概要
地理について研究する学問。自然地理学(自然科学としての地理学)、人文地理学(人文学、社会科学としての地理学)の両分野に分けられる。
自然地理学は水文学や植生地理学、気候学などの分野があり、気象学や生物学、地質学、生態学などとの関係が深い。
人文地理学は経済地理学や社会地理学、政治地理学、歴史地理学、都市地理学、交通地理学などの分野があり、経済学や社会学、歴史学、政治学などとの関係が深い。
歴史
「大地を記述するもの」(geography)としての地誌学・地理学は人間世界が始まって以来あったと言っても良いが、現代地理学に繋がる研究としては、まず18世紀のフンボルトが挙げられる。彼は南アメリカ大陸の生態調査旅行の結果を地図を利用して可視化したり、人々の生活と地理的環境の結びつきを論じたりした。「空間」を重視するこの研究方法が、人文・自然問わず地理学の根幹となっていく。
19世紀になると、当時の欧州諸国の植民地拡大を背景に、地理学は学問としての重みを増していく。例えば、植生調査や物産の調査は、探検隊を送りこむ口実ともなったし、そもそも地誌研究自体が植民地知識の蓄積、という面を持っていた。
一方、この時代の地理学の大きな対立軸となったのが、自然決定論と環境可能論の対立である。大ざっぱに言えば、自然決定論が人間の社会は地理によってその社会・政治体制・歴史的な進路を決定される、と主張したのに対し、環境可能論は,あくまでも人間は地理に働きかけて、その可能性を引き出すだけだ、と主張した。前者の代表的な論者がドイツのラッツェル、後者の代表的な論者がフランスのヴィダル・ド・ラ・ブラーシュであったことから、ドイツ学派とフランス学派の対立としても語られている。
しかし、地誌を中心とした地理学の手法は、20世紀前半から批判を受けていく。すなわち、「あまりにも記述的であり、なにも解明していないのではないか」という批判である。これを背景に、さらに第2次大戦前から思潮としてはあった空間配置の研究(例えばクリスタラーの中心地理論や、チューネンの農業地域と地価・中心地との距離の研究)も受けて、1960年代ごろから地理学に数理的なモデルが導入された。これをいわゆる計量革命という。
数理的に距離や社会を変数に変換して空間を構築・分析しようとする数理モデルは、現代でもGISや統計データの研究において、地理学で大きな役割を果たしている。一方、数理的モデルにあまりにも傾倒しすぎた反動も起こった。例えば、そもそも空間が人間にどのようにとらえられているのかを人文的な手法でモデル化しようとする場所論的な研究が発展した。メンタルマップによる都市構造の分析、レルフによる「場所」と「空間」の理論化などはその例である。

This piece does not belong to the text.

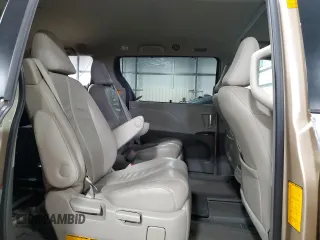 2013 Toyota Sienna XLE z VIN 5TDDK3DCXDS054751, wystawiony jako Copart lot #54004715 z przebiegiem 72 627 mil mil oraz Szkoda całkowita • Salvage title. Historia ofert i sprzedaży dostępna na DreamBid. Obrazek 11.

また、社会と地理とを結び付けようとする研究も登場した。例えば、「時間」に注目して人々の移動と役割との関連を研究したヘーエルストランド,都市への投資による物理環境の構築とそのための資本の回収という観点から経済と地理・階層分化の繋がりを論じたハーヴェイやスミスなどが挙げられる。
加えて注目すべきは、政治地理学の発展である。人文主義や数理モデルの導入を踏まえ、例えば選挙時の投票行動とその地域性を「社会」以外の変数として見出そうとする研究、「境界」管理と移動に焦点をあてた境界研究(ボーダースタディーズ)、語りやメディアを通じて国際政治や一般人の「地理」認識が形成されていく様に焦点をあてた研究など、いわゆる古典的な「地政学」に留まらない研究が登場している。
さらに日本では、「ブラタモリ」の人気を背景にフィールドワークや地形を読み解く研究への関心も高まっている。